Place of refuge – and the Big Island
One of the most accessible, interesting, and enchanting cultural sites in the State of Hawaii is the Pu’uhonua o Honaunau National Historical Park. Translated, the “Place of Refuge at Honaunau” is the most complete restoration of an ancient Hawaiian religious sanctuary in Hawaii. On the black lava flats of the southern Kona Coast, Pu’uhonua o Honaunau is a preserved ancient Hawaiian village. This National Park is located adjacent to the excellent snorkeling spot of Honaunau Bay.
Tall royal palms surround the temple complex that sits on a 20-acre finger of lava bordered by the sea on three sides. The only access to the Pu’uhonua (temple of refuge) was by swimming across a bay known as the Sharks Den.
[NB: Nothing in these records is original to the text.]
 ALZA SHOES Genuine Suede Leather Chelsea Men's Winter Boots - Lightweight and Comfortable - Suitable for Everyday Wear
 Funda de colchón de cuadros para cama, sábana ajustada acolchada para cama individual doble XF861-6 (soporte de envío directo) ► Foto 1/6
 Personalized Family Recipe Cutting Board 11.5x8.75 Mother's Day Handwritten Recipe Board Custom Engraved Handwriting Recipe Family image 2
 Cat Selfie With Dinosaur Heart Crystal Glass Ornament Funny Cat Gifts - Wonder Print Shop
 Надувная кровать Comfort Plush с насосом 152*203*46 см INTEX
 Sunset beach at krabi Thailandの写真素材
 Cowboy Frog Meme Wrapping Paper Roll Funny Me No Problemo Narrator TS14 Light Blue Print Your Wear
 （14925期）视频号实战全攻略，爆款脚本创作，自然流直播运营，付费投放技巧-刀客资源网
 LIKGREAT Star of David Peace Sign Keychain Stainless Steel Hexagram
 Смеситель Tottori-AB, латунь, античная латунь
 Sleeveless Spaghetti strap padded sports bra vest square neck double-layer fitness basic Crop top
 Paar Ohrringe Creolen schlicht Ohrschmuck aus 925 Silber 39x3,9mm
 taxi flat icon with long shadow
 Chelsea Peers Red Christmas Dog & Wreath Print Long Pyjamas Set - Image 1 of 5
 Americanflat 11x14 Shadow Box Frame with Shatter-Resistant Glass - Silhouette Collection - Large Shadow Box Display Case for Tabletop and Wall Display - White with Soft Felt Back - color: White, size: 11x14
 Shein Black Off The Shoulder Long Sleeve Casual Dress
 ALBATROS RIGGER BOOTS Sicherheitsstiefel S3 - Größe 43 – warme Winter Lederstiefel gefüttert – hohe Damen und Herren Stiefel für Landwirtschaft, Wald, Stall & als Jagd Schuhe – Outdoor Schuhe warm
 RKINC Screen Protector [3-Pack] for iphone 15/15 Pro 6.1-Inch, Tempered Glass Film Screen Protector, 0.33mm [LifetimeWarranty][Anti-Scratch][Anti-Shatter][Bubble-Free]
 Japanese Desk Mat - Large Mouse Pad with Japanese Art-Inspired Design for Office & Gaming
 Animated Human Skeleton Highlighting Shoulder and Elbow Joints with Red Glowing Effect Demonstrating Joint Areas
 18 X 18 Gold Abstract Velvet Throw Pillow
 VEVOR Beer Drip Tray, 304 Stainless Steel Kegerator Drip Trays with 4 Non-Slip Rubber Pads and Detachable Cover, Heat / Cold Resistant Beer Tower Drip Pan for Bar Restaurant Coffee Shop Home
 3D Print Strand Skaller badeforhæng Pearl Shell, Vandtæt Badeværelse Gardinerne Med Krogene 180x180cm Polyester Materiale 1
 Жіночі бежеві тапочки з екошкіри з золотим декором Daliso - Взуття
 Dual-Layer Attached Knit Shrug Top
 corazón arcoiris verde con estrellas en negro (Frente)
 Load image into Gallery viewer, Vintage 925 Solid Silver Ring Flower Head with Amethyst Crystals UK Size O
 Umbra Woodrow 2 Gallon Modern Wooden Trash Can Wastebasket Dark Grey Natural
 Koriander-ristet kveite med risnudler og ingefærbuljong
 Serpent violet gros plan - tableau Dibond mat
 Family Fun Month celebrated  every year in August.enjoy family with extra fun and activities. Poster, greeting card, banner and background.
If you managed to survive, the kahuna (priest) was required, under pain of death, to offer you sanctuary and absolve you of all wrong doing. Here in the national park you can walk through an ancient Hawaiian village and see firsthand how the kings of Hawaii once lived.
Puuhonua O Honaunau National Historical Park (daily 7.30am-5.30pm; $2; ), four miles on from Kealakekua, is the single most evocative historical site in all the Hawaiian islands, jutting into the Pacific on a small peninsula of jagged black lava. The grounds include a palace, with fishpond and private canoe landing, and three heiaus , guarded by large carved effigies of gods – reproductions, but still eerie in their original setting. An ancient ” place of refuge ” lies firmly protected behind the mortar-less masonry of the sixteenth-century Great Wall. Those who broke ancient Hawaii’s intricate system of kapu (taboo) – perhaps by treading on the shadow of a chief, or fishing in the wrong season – could expect summary execution unless they fled to the sanctuary of a place such as this. As chiefs lived on the surrounding land, transgressors had to swim through the shark-infested seas. If successful, they would be absolved and released overnight.